2. Launching a direct-to-school and corporate division that offers wholesale prices
We are transforming MOA Team Supply into a direct-to-school and institutional business that will sell wholesale custom chenille letters, patches, and awards at prices below what most American manufacturers can manufacture the product for in their own facilities. These products, with only a few exceptions, are made here in the United States. Due to our volume, we will still make more than adequate compensation (in fact, our profit margins are comparable to those of one of the firms I admire, Bloomberg, LP). My team has identified 3-4 of the top players in this market and we are going to aggressively go after their business.
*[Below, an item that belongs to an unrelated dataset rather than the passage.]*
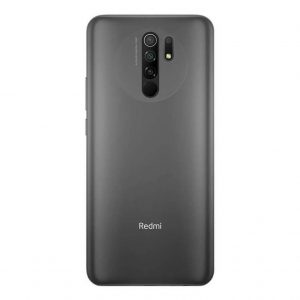 Redmi 9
We can beat their prices, and in many cases, offer faster delivery.
3. We will devote whatever capital is necessary to becoming the nation’s largest retailer and direct-to-school custom chenille and letterman jacket company
Mount Olympus Awards has indirectly served as one of the investment vehicles through which I had put capital to work. For instance, during the crash in March of 2010, I used the company’s cash flow to engage the capital markets heavily; e.g., when General Electric had fallen from $40 to below $6, I had the company buy a hell of a lot of common stock and even more LEAP (long-term call options) that have been obscenely profitable and will show up on our 2010 tax return (GE is back up above $16 per share). Hence, the old inside joke among the shareholders that we are basically a hedge fund in drag. In order to support these changes, I will halt all dividends, except tax distributions, and we will retain all of our capital to commit to whatever purchases are necessary with our letterman jacket vendors and suppliers. Capital markets investments will come second to our primary business.
4. We will expand our product offerings into complimentary lines, such as embroidered patches worn by those in the service industry (sewn on or ironed on to a mechanic’s uniform, for instance).
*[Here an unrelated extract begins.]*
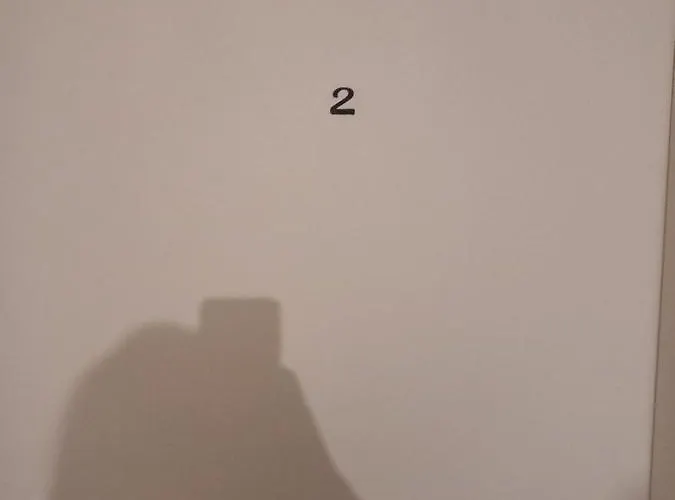 Διαμέρισμα Casa Cappella San Severo Νάπολη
We already have the relationships with the vendors necessary to immediately jump head first into this line of business, and we attract millions upon millions of page views at our various online sites each year. With a database of tens of thousands of customer names, we can hit the ground running.
The Ultimate Plan
Despite my general distaste for selling assets, I would consider selling the letterman jacket business within 3-5 years (not before then because the things we have in development are paying off heavily, meaning that every day that goes by, the underlying operating profits and cash flow continues to expand geometrically and that would mean a higher valuation for us, and a better, more powerful strategic asset for the firm that acquired us).